BEIJING, March 14 (Xinhua) -- The National People's Congress (NPC), China's parliament, adopted a cabinet restructuring plan at a plenary meeting on Thursday in a bid to reduce bureaucracy and make the government more efficient in the world's most populous country.
The endorsement of the plan will reduce the number of ministries under the State Council from 27 to 25, with the dismantling of the bulky Ministry of Railways and mergers among several other government departments.
In overhauling the cabinet, the central government has emphasized that the most important tasks are transforming the government functions and reducing administrative intervention in the market and on social issues.
As the ruling Communist Party of China (CPC) proposed to deepen administrative reform at the 18th National Congress in November, the restructuring, which is the seventh of its kind since China kicked off its economic reform in the late 1970s, has been largely seen as the Party's commitment to honoring its reform promise and an overture to reforms in broader spheres.
The institutional restructuring is expected to create an efficient and law-based government with a clear division of power, reasonable distribution of labor and well-defined responsibilities.
The plan came amid complaints about the duplication of functions, overlapping management, low efficiency and bureaucracy -- issues that often lead to corruption and dereliction of duty among officials without proper supervision over administrative power.
According to the plan, the Ministry of Railways, which has long been at the center of controversy for being both a railway service provider and a railway industry watchdog, will be split into administrative and commercial units.
The status of the existing State Food and Drug Administration will be elevated to a ministerial-level general administration to give teeth to the watchdog in enhancing food and drug safety supervision, following a string of food safety scandals and mounting public dismay.
Observers believe the endorsement of the institutional reform plan reflects the new Party and state leaders' resolve to deepen reforms in more challenging areas at a critical juncture.

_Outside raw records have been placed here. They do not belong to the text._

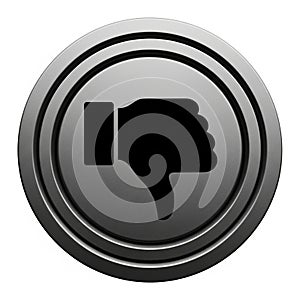 Metallic Button with Thumbs Down Icon on a White Background dislike negative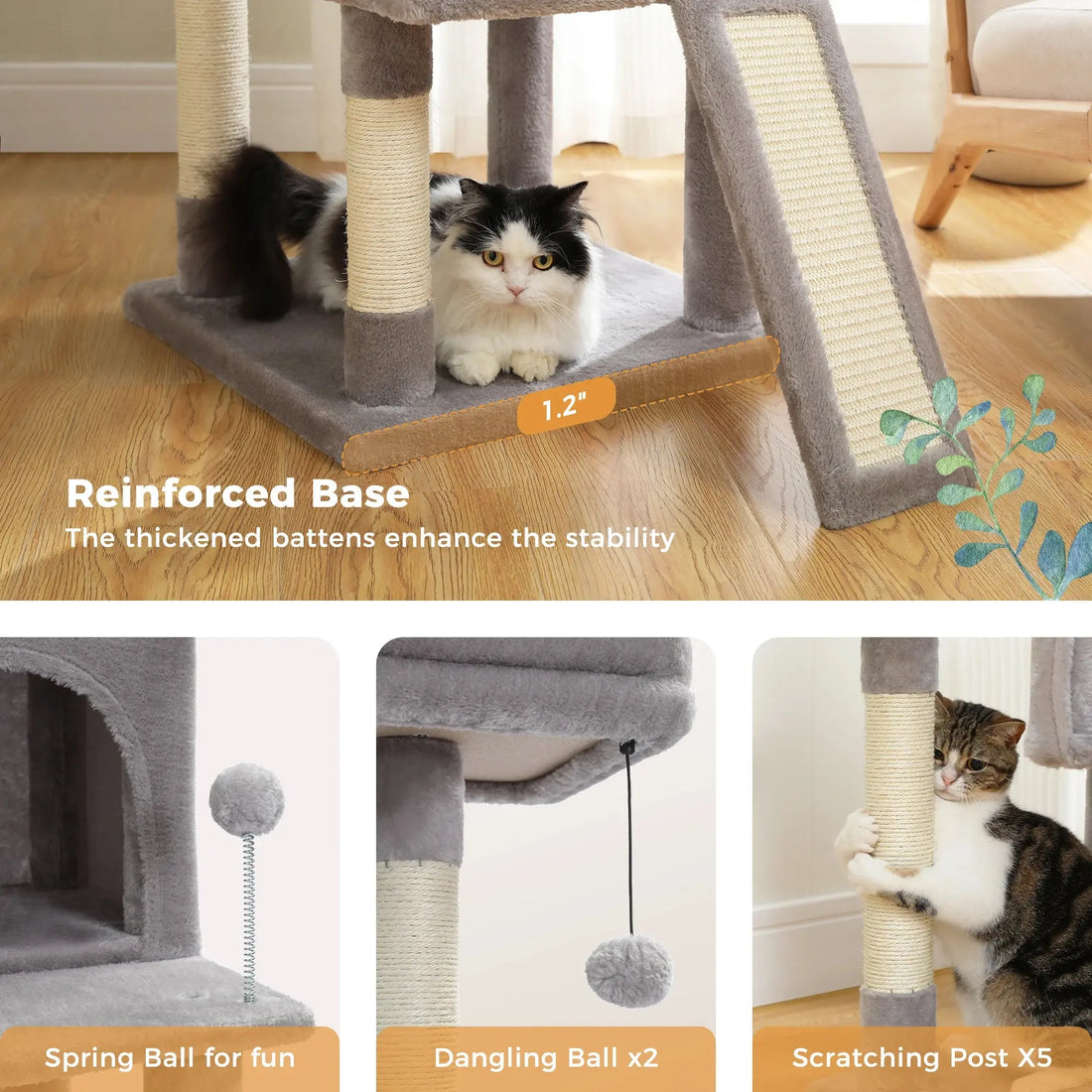 Speedy Pet Multifunctional Chair Creative Cube House with Scratching Removable Pad Cushions Pet Activity Cat Tree with Ball - Trusted Pet Products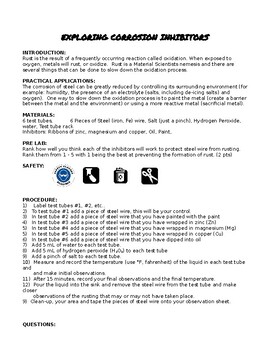 Preview of Corrosion Inhibitors Lab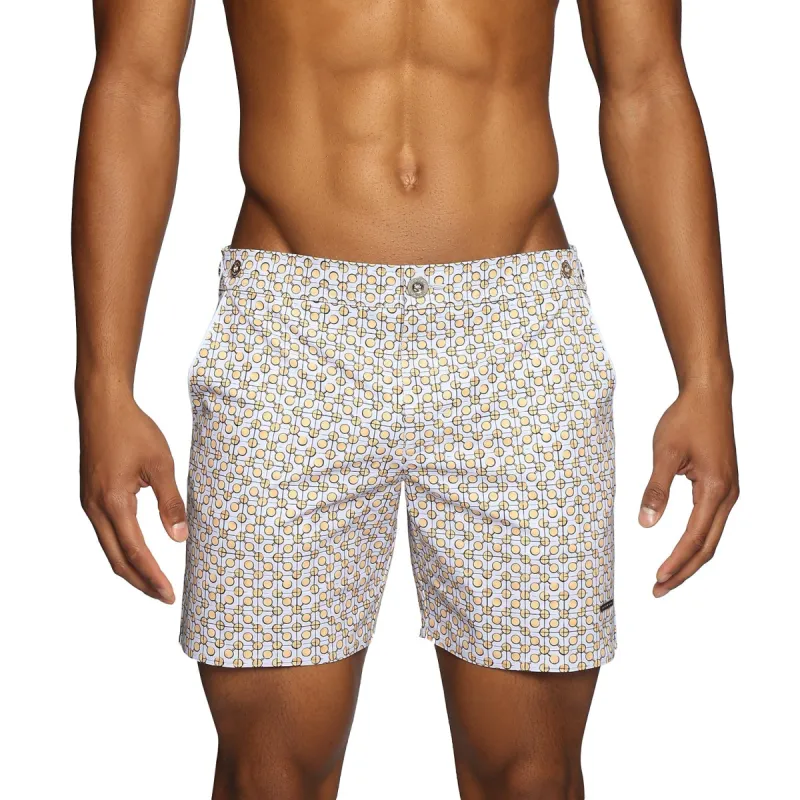 Parke & Ronen New Resort '25 - Mid Century Orange Print 6" Catalonia Stretch sold by Underwear Expert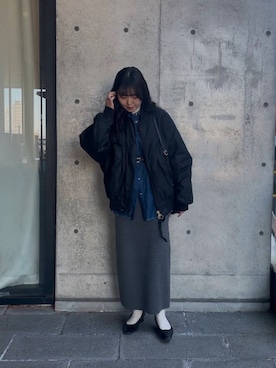 「アイテム（MA-1）」を使った、みほさん（レディース・153cm）の冬コーディネート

Since Xi Jinping replaced Hu Jintao as the general secretary of the CPC Central Committee in November, he has advocated reform on various occasions and used a number of new political phrases to consolidate reform consensus.
He came up with a particularly notable line while visiting Guangdong Province on the first leg of his inspection tour shortly after becoming the Party chief. "While advancing reforms, we must have the courage to gnaw at a hard bone and wade through a dangerous shoal," he urged.